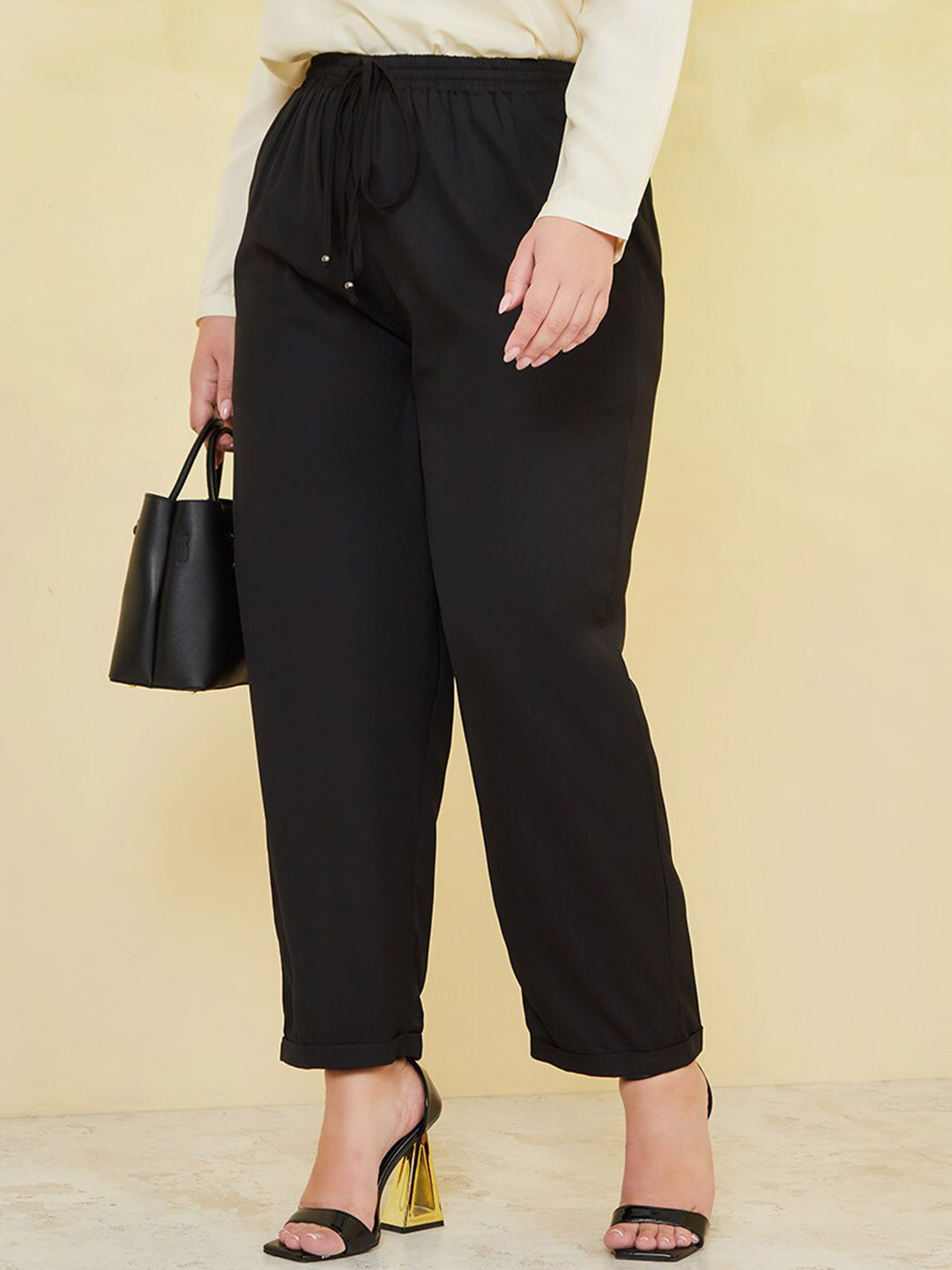 

Styli Women Plus Size High Rise Formal Trousers, Black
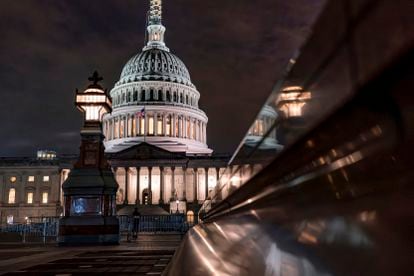 The Capitol is seen late Tuesday night, Sept. 26, 2023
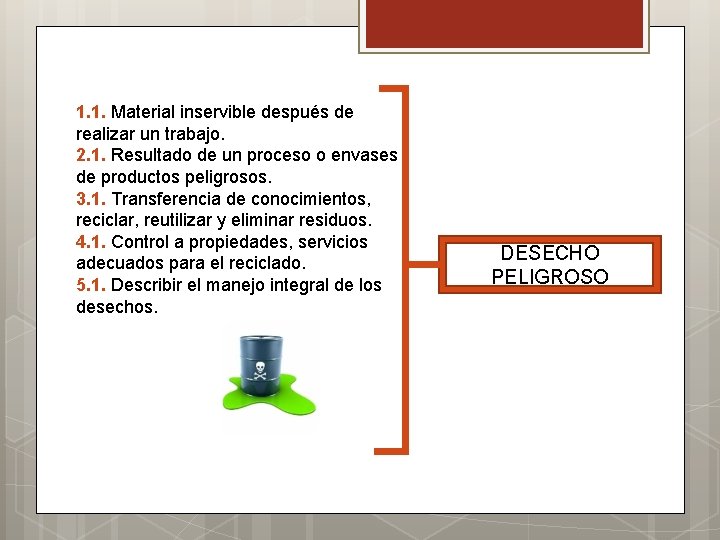 1. 1. Material inservible después de realizar un trabajo. 2. 1. Resultado de un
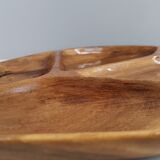 Serving tray or aperitif in carved wood varnish 70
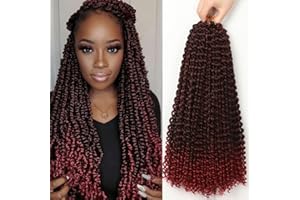 Passion Twist Hair, 7 paquetes de pelo de ganchillo con ondas de agua de 18 pulgadas para cabello largo y bohemio, trenzado de cabello YDDM Passion Twist Crochet Hair Extensiones de cabello sintético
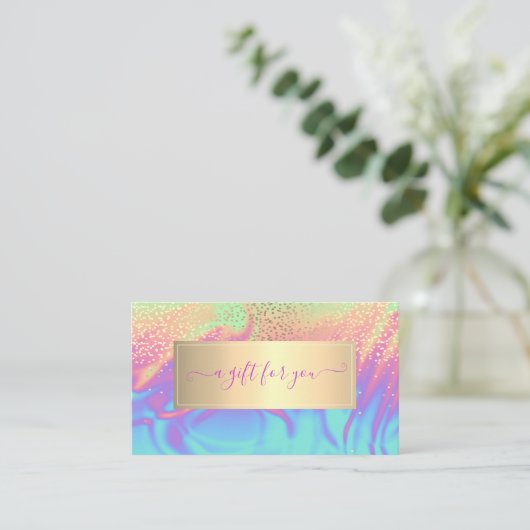 Elegant Trendy Frame Confetti Ombre Holographic Rabattkarte (Stehend Vorderseite)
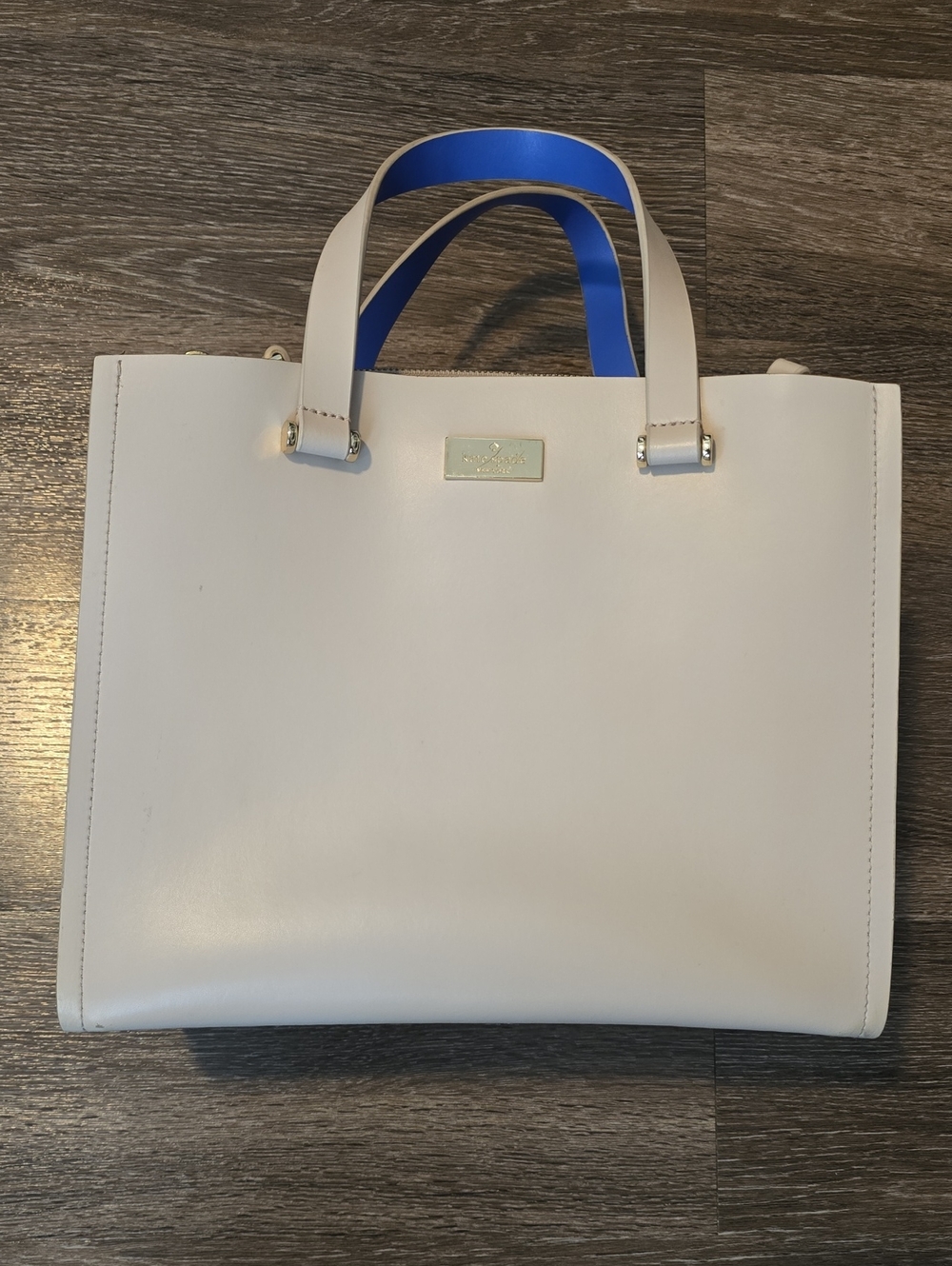 KATE SPADE Pastel Tote with Blue Interior Trim - Elegant Everyday Carry Bag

--- WHAT YOU SHOULD DO ---
Word for word, copy the lines from the one with "Serving tray or" through the end of the entries above, and do not include any picture.

--- OUTPUT FOR THIS TASK ---
 Serving tray or aperitif in carved wood varnish 70
 Passion Twist Hair, 7 paquetes de pelo de ganchillo con ondas de agua de 18 pulgadas para cabello largo y bohemio, trenzado de cabello YDDM Passion Twist Crochet Hair Extensiones de cabello sintético
 Elegant Trendy Frame Confetti Ombre Holographic Rabattkarte (Stehend Vorderseite)
 KATE SPADE Pastel Tote with Blue Interior Trim - Elegant Everyday Carry Bag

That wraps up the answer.